= What to work on =
Leaving out every picture, transcribe the lines from the line that contains "トロピッ葉ク結婚の写真金ゴールド 箔カード (封筒付き正面)" to the end of the entries below, both ends included.

___ Study material ___

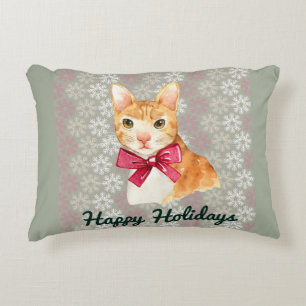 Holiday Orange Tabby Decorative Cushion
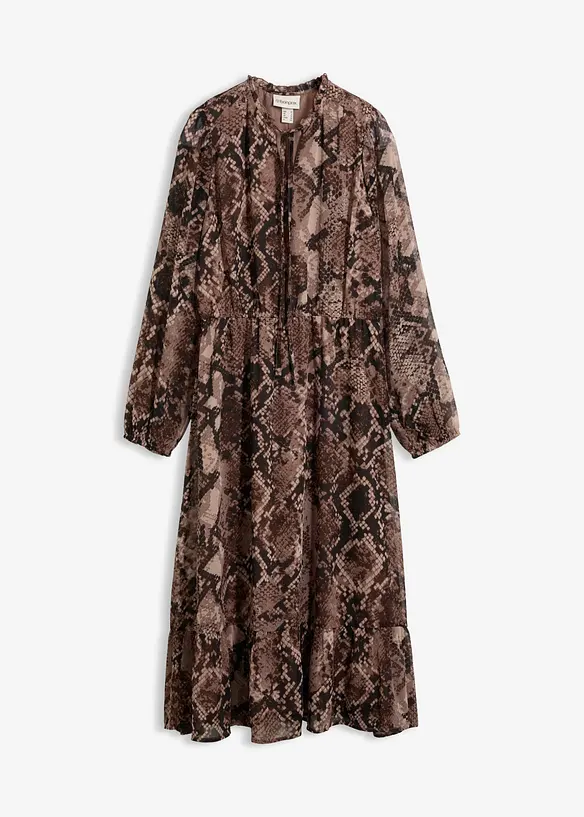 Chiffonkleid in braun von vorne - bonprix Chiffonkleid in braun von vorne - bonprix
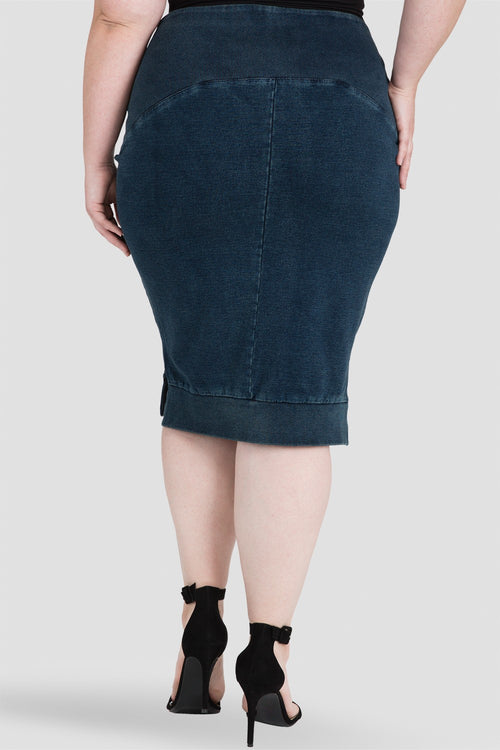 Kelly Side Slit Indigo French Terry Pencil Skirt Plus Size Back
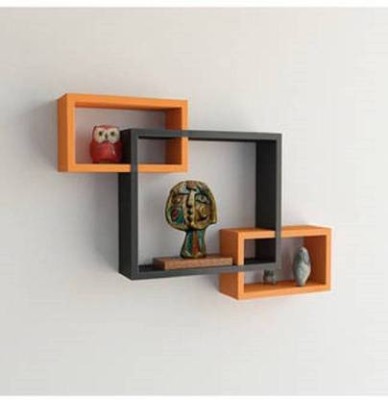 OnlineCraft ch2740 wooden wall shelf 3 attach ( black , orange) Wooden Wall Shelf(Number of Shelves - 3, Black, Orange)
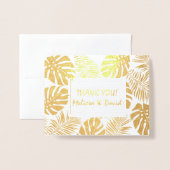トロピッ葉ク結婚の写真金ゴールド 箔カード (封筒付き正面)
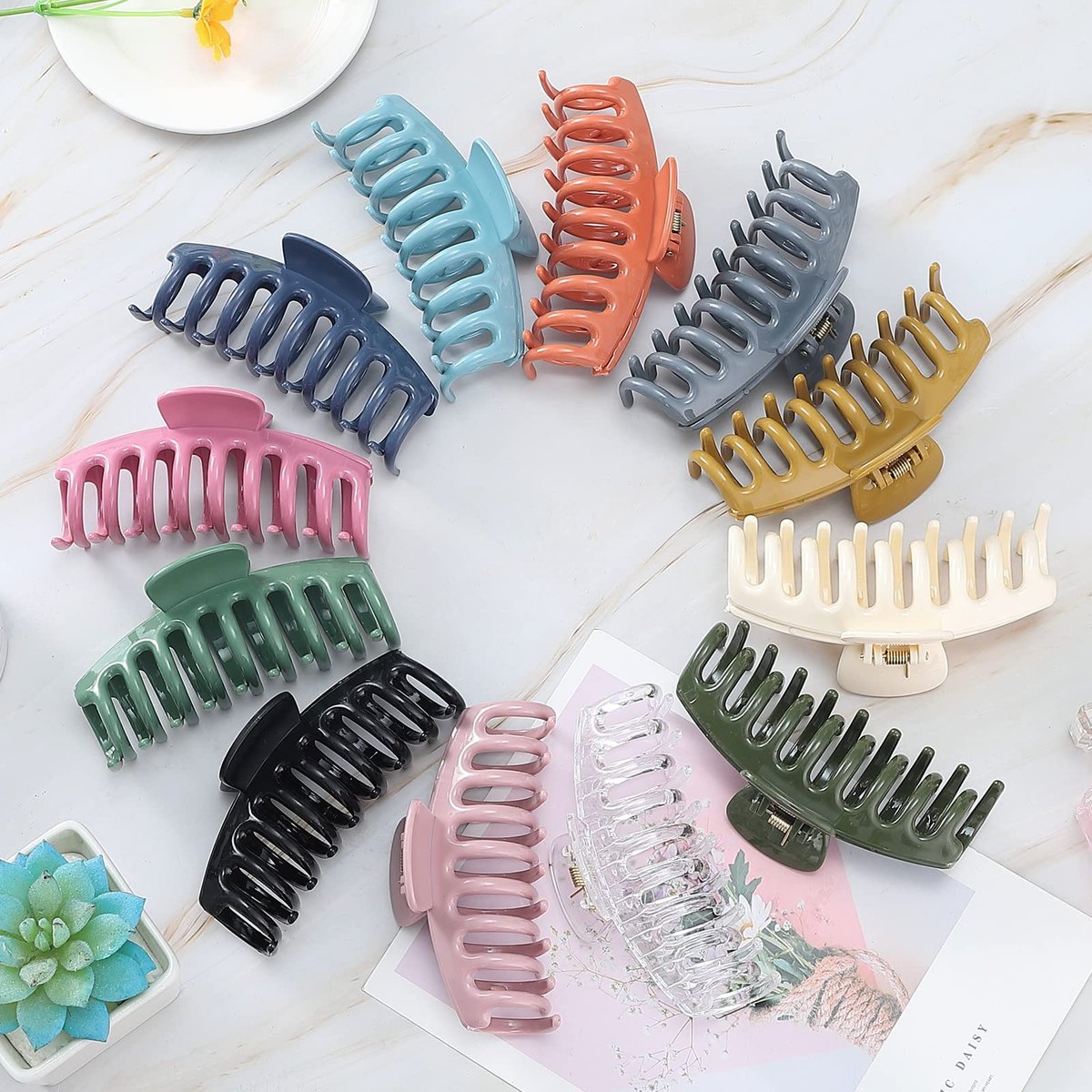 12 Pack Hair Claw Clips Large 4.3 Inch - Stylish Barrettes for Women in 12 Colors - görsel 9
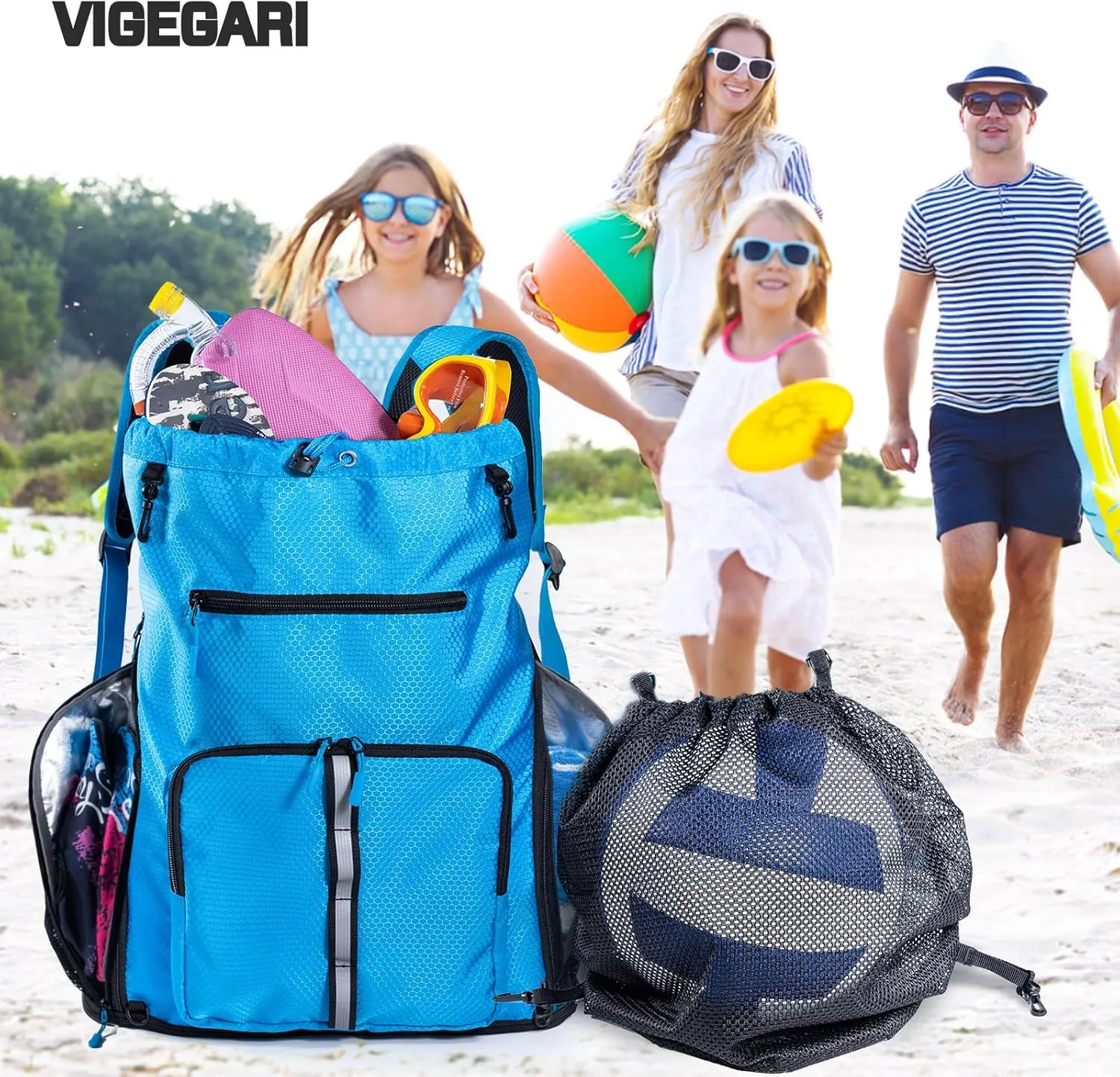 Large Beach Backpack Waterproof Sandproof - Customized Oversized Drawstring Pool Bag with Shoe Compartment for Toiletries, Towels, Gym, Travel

___

= Task solution =
トロピッ葉ク結婚の写真金ゴールド 箔カード (封筒付き正面)
 12 Pack Hair Claw Clips Large 4.3 Inch - Stylish Barrettes for Women in 12 Colors - görsel 9
 Large Beach Backpack Waterproof Sandproof - Customized Oversized Drawstring Pool Bag with Shoe Compartment for Toiletries, Towels, Gym, Travel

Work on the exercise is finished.